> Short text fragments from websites

━━━

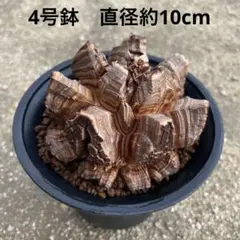 亀甲竜　4号鉢　直径10cm　バキバキ　塊根植物のサムネイル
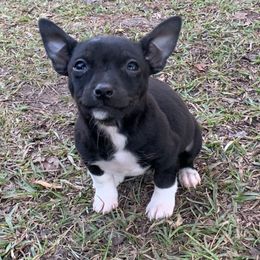Boy 1 - Black and white male Teddy Roosevelt Terrier puppy in Gadsden, Alabama from Rich Cat’s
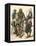 Japanese Samurai Warriors in Full Armor-null-Framed Stretched Canvas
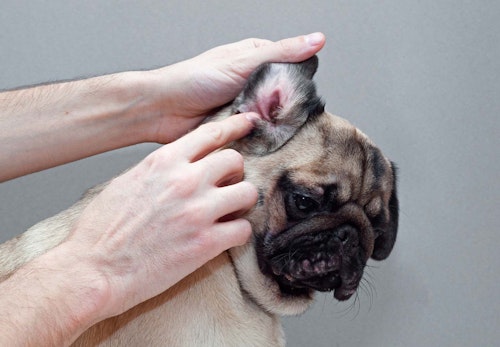 犬の耳が赤いのは外耳炎かも 原因や対処法 病院に行くタイミングについて解説 獣医師監修 わんクォール 犬の耳が赤いのは外耳炎かも 原因や対処法 病院に行くタイミングについて解説 獣医師監修 わんクォール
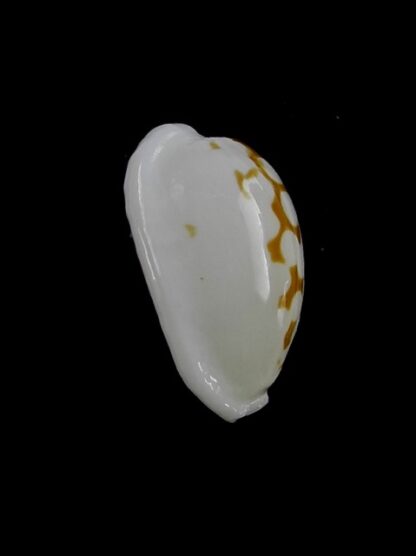 Cypraea cribraria melwardi Gem 19,9 mm-11454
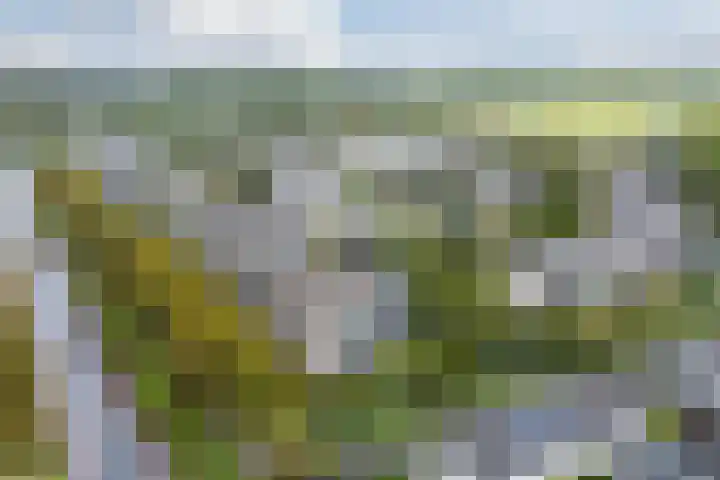 Keinsmerwiel 120 Heerhugowaard thumbnail 31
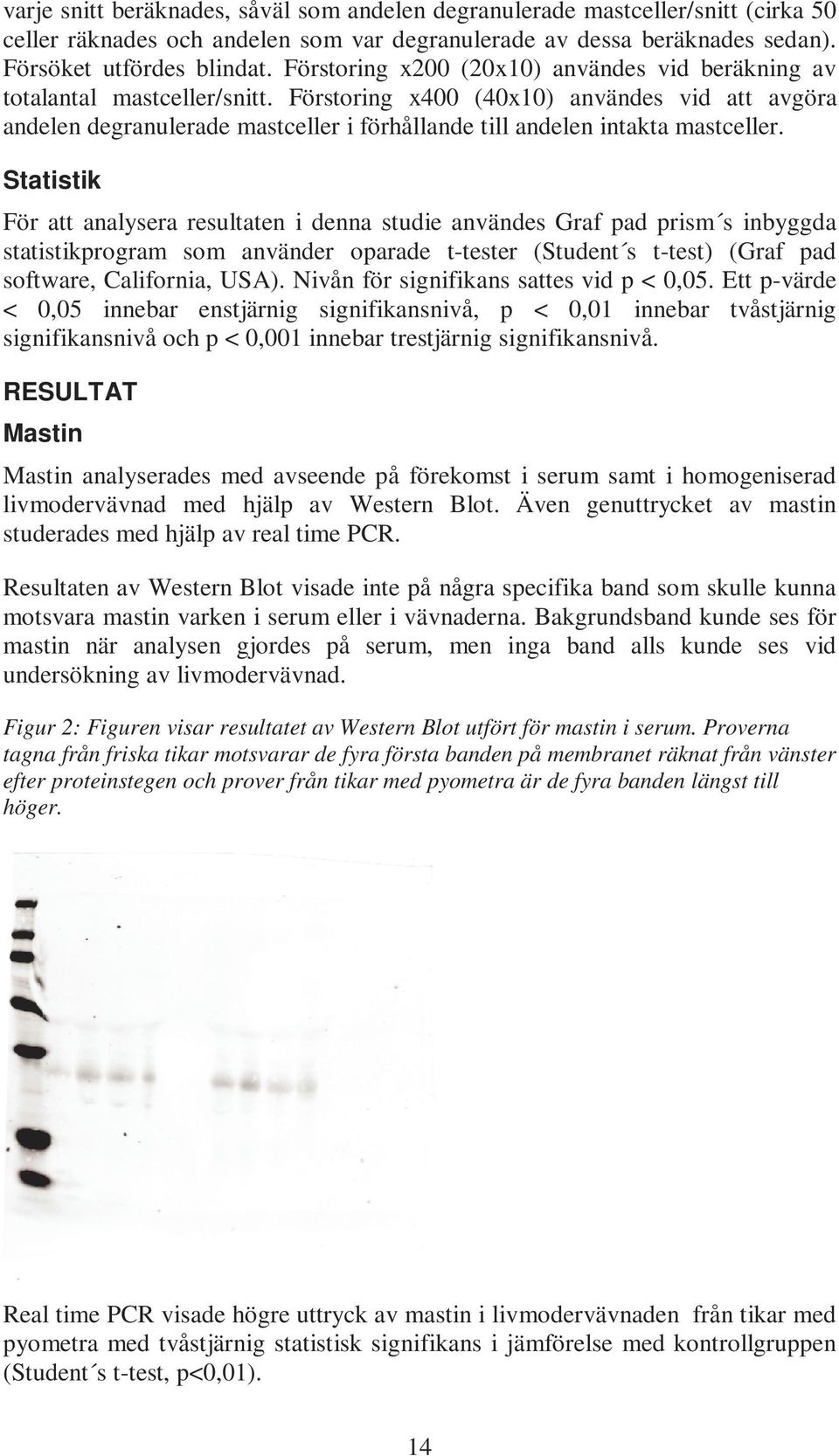 Förstoring x400 (40x10) användes vid att avgöra andelen degranulerade mastceller i förhållande till andelen intakta mastceller.
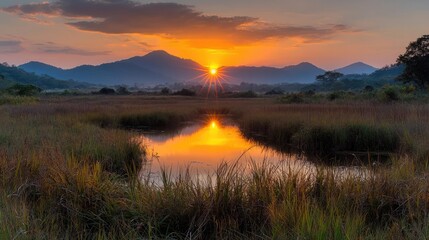 Sunset over wetland reflecting in calm water, mountains in background; nature scene for travel brochure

━━━

> WHAT NEEDS TO BE DONE
Look above for the line containing "犬の耳が赤いのは外耳炎かも 原因や対処法 病院に行くタイミングについて解説 獣医師監修 わんクォール 犬の耳が赤いのは外耳炎かも"; output that line and all lines after it through the last one exactly, without the pictures.

> EXERCISE OUTPUT
 犬の耳が赤いのは外耳炎かも 原因や対処法 病院に行くタイミングについて解説 獣医師監修 わんクォール 犬の耳が赤いのは外耳炎かも 原因や対処法 病院に行くタイミングについて解説 獣医師監修 わんクォール
 Cypraea cribraria melwardi Gem 19,9 mm-11454
 Keinsmerwiel 120 Heerhugowaard thumbnail 31
 Förstoring x400 (40x10) användes vid att avgöra andelen degranulerade mastceller i förhållande till andelen intakta mastceller.
 Sunset over wetland reflecting in calm water, mountains in background; nature scene for travel brochure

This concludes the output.